Wednesday, July 27, 2011

Taking Our Reality / Fernando Dámaso

Taking Our Reality / Fernando Dámaso
Fernando Dámaso, Translator: Unstated

The use of a disqualifying language against political opponents has been
a fairly widespread practice, though in general certain limits of public
responsibility and established decency are respected. There are also
laws that penalize defamation, due to which, whomever raises a question
about a person must support it with evidence and proof. So it works, at
least, in most democratic countries.

During the years of the Batista dictatorship, those who did not agree
with his politics were classified as opponents. Except in times when
censorship was established, they had the means to express their
opinions. They were not detained or imprisoned, and also participated
actively in the national debate. Those opponents who opted for violence
as a form of struggle, planting bombs and firecrackers and carrying out
attacks and sabotage, were labeled as subversives or communists. The
word terrorist was not yet fashionable. If caught, they were repressed
by bloody or judicial methods. In the latter case, they had available to
them defense counsel and fair trials. There are many examples.
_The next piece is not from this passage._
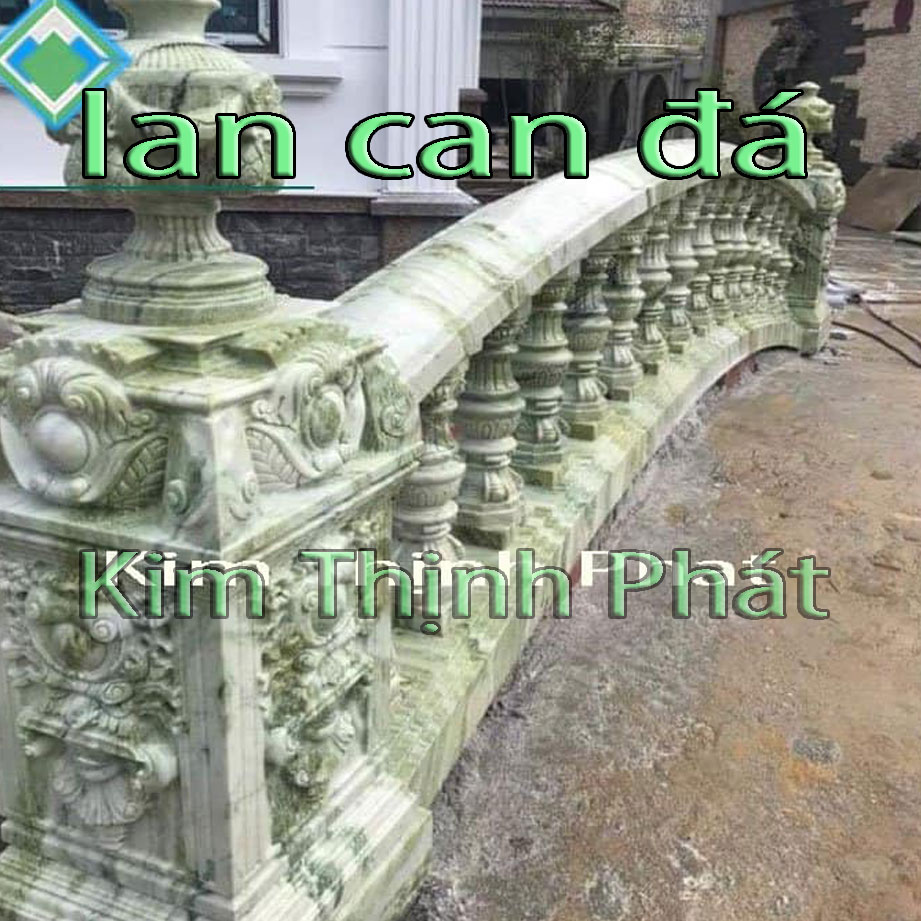 Con tiện đá lan can đá hoa cương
Beginning in 1959, those who did not accept the new regime or disagreed
with some of its postulates, were labeled counterrevolutionaries. Tossed
into this sack were both those who acted peacefully as well those who
opted for violence. Soon he put his hand in the dictionary and began to
apply, festively, every kind of dis-qualifier: worms, stateless,
traitors, mercenaries, lumpen, slag, employees of the empire, and so on.
This method continues to today and has increased. Applied for years,
with no possibility to respond, (all media and controls belong to the
state), citizens have been so manipulated that they react by inertia,
without the use of reason, forgetting in many cases that it even exists.

Denigrating and discrediting those who think differently and, moreover,
those who dare to express it, only shows weakness, no matter how much
the statements multiply in strength. The problems of Cuba must be
revolved by Cubans (all Cubans, both inside and out of the country) but
for that, we can not be expected to maintain the historical monologue,
where only those who govern us think they possess the absolute truth.
The continuous failures have shown the opposite. It requires honest and
respectful dialogue.

However, dialogue requires there be a willingness in the parties
interested in it. to maintain the sectarian and exclusionary position of
the past five decades, claiming that those who think for themselves are
taking orders from the empire is not serious. The reality is otherwise:
every day citizens are increasingly questioning their plight and raising
the need for real changes in the interest of the nation, not of an
ideology or a party. Coping with them peacefully, with the participation
of all, as recommended by José Martí, is intelligent.